Give the records again. Keep them exact and leave out the images.
== RECORDS TO PROCESS
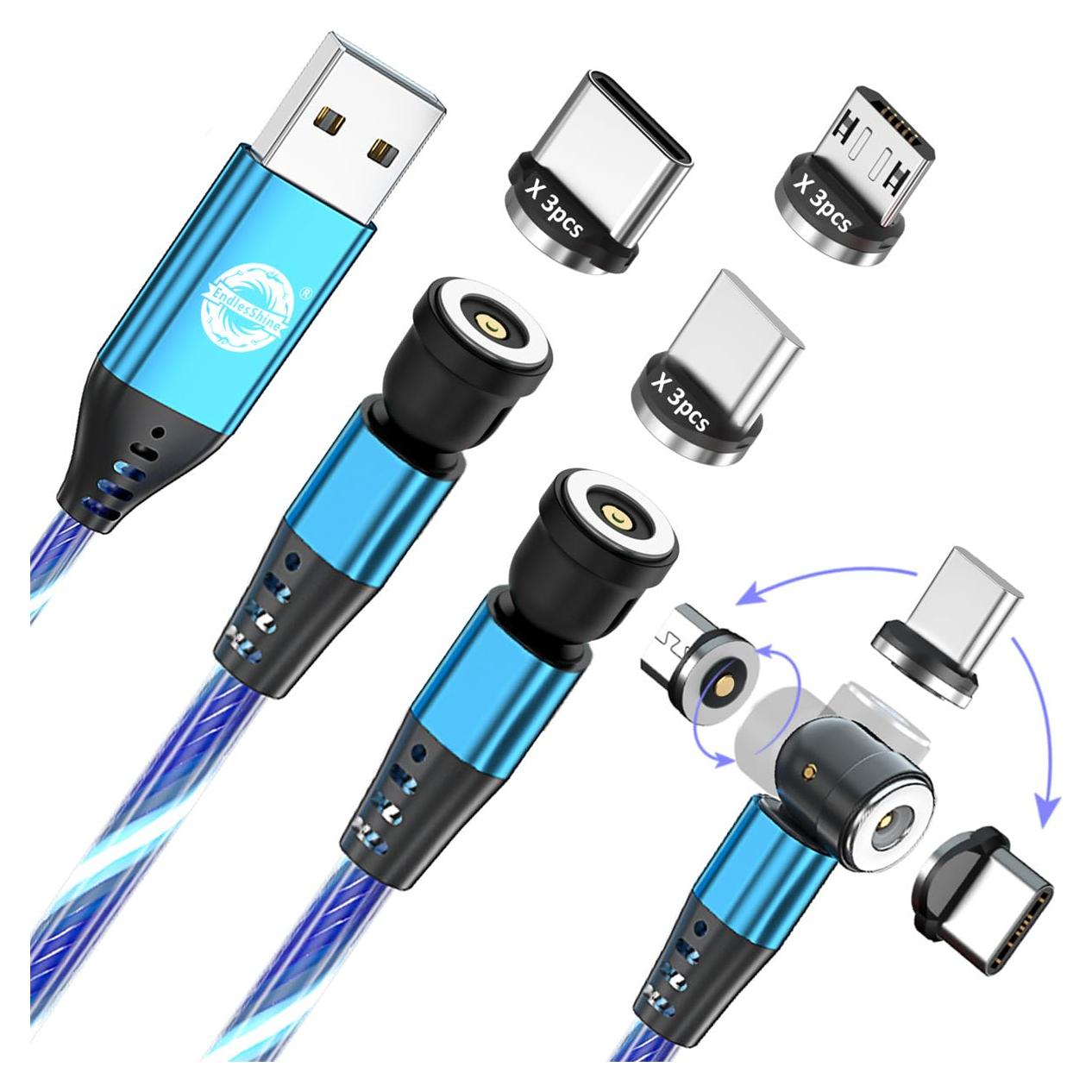 Cable de Carga Magnético EndlesShine 3 en 1 1.0/2.0 m Azul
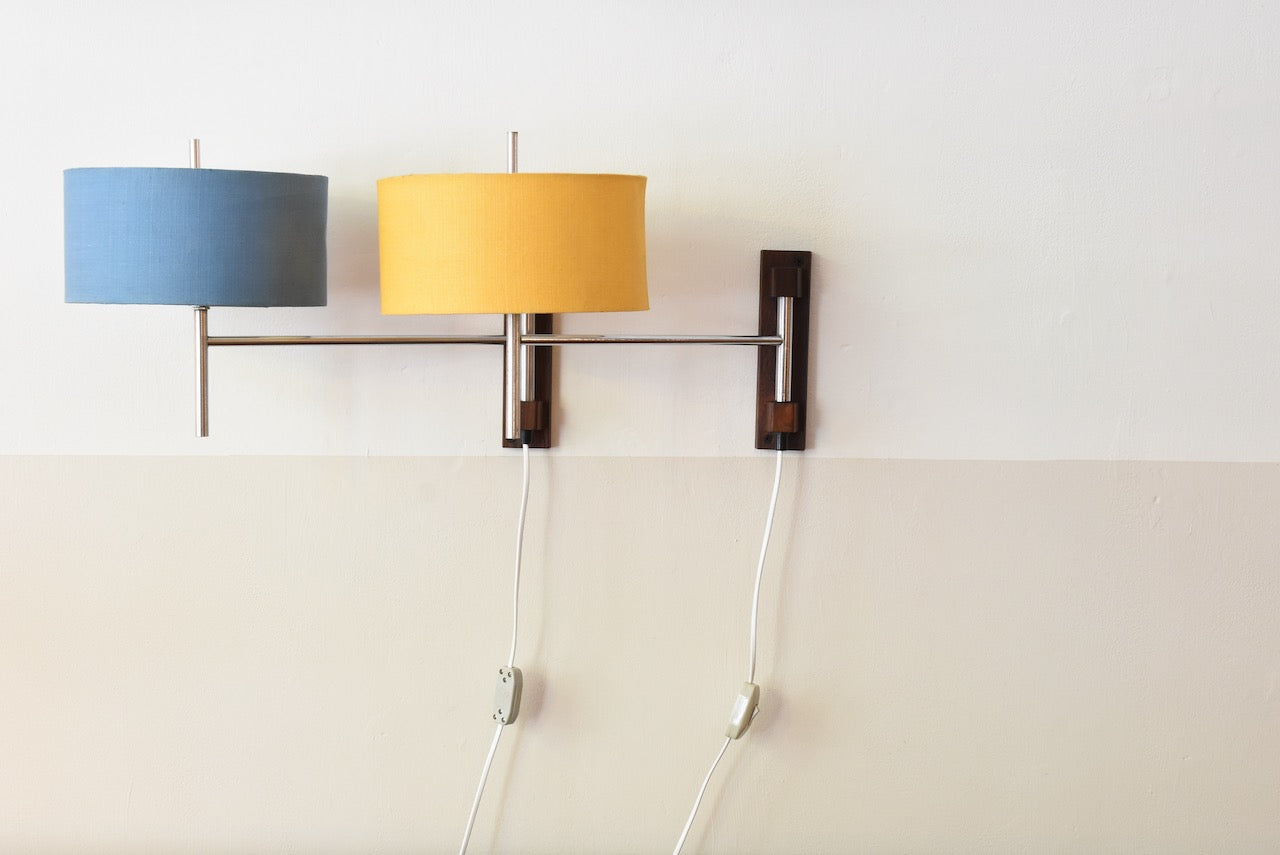 Two available: 1960s rosewood + metal wall lights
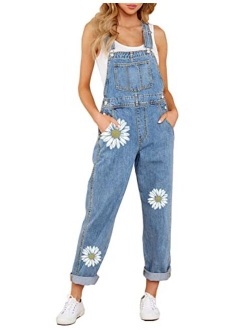 luvamia Women's Casual Stretch Adjustable Denim Bib Overalls Jeans Pants Jumpsuits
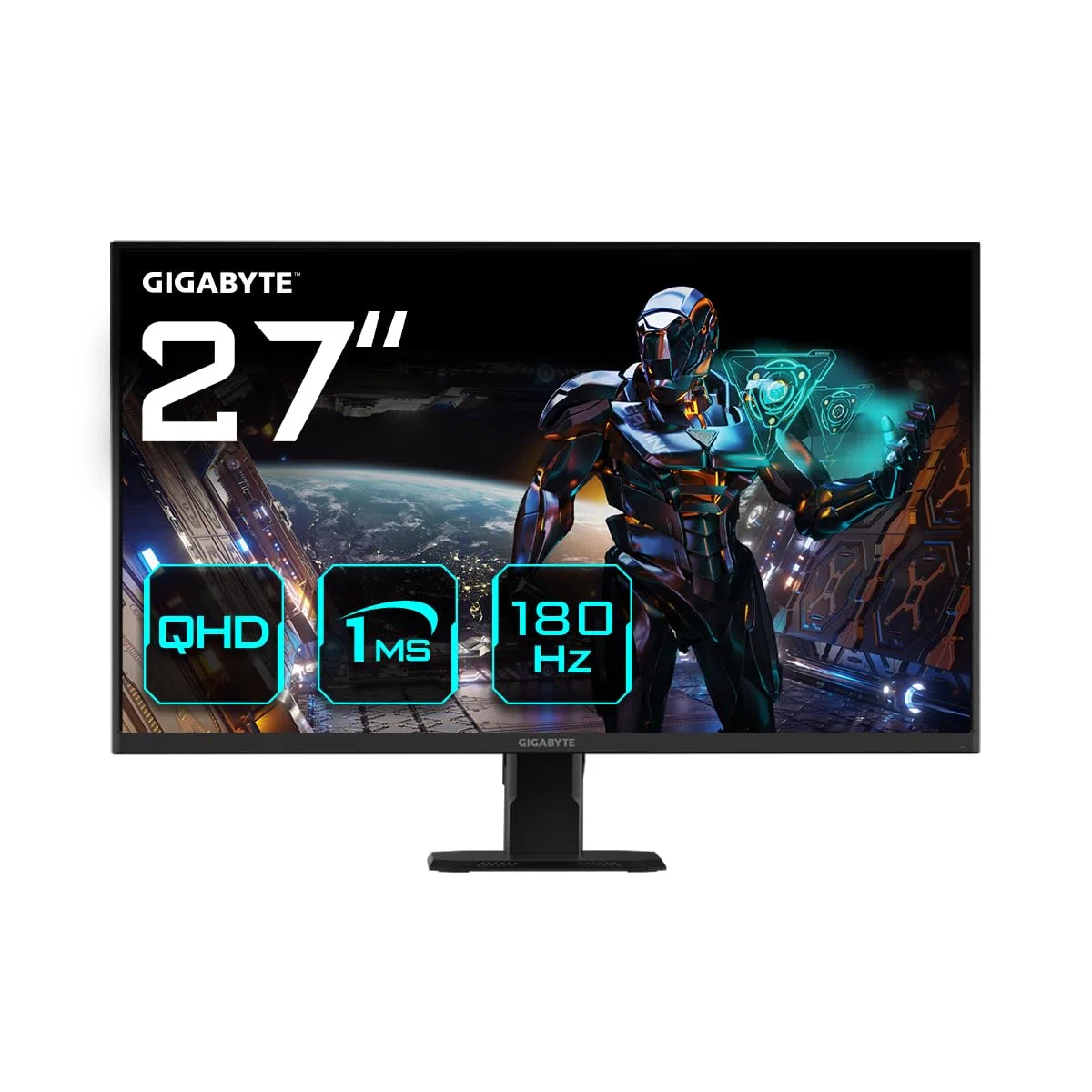 Gigabyte GS27QA 27" QHD monitor do gier - 2560 x 1440, 180Hz, 1ms, 300 CD/m², FreeSync, HDR Ready, HDMI 2.0, DisplayPort 1.4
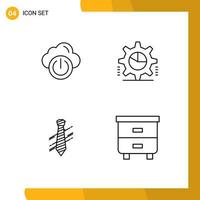 voorraad vector icoon pak van 4 lijn tekens en symbolen voor wolk stropdas uit taart diagram jurk bewerkbare vector ontwerp elementen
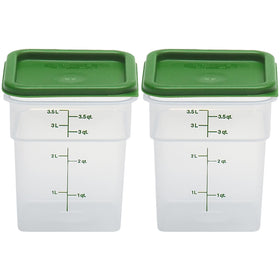 Cambro classic square 4 qt container with lid for meal prep and transport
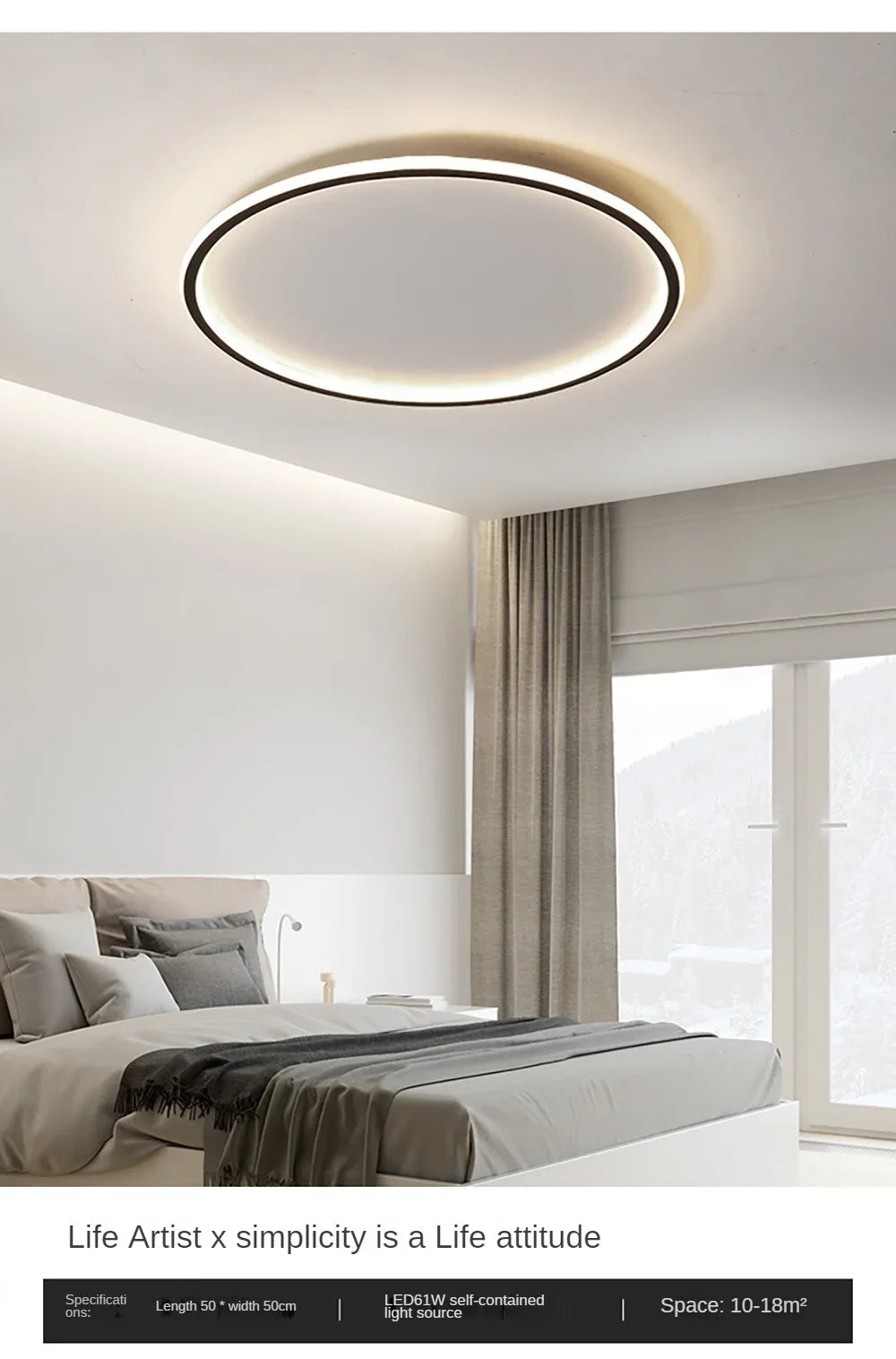 Nordic Minimalist LED Ceiling Light For Bedroom Living Room Aisle Study Room Balcony Circular Remote Control Lighting Chandelier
====
**RESULT FOR THIS TASK:**
 Cable de Carga Magnético EndlesShine 3 en 1 1.0/2.0 m Azul
 Two available: 1960s rosewood + metal wall lights
 luvamia Women's Casual Stretch Adjustable Denim Bib Overalls Jeans Pants Jumpsuits
 Gigabyte GS27QA 27" QHD monitor do gier - 2560 x 1440, 180Hz, 1ms, 300 CD/m², FreeSync, HDR Ready, HDMI 2.0, DisplayPort 1.4
 voorraad vector icoon pak van 4 lijn tekens en symbolen voor wolk stropdas uit taart diagram jurk bewerkbare vector ontwerp elementen
 Cambro classic square 4 qt container with lid for meal prep and transport
 Nordic Minimalist LED Ceiling Light For Bedroom Living Room Aisle Study Room Balcony Circular Remote Control Lighting Chandelier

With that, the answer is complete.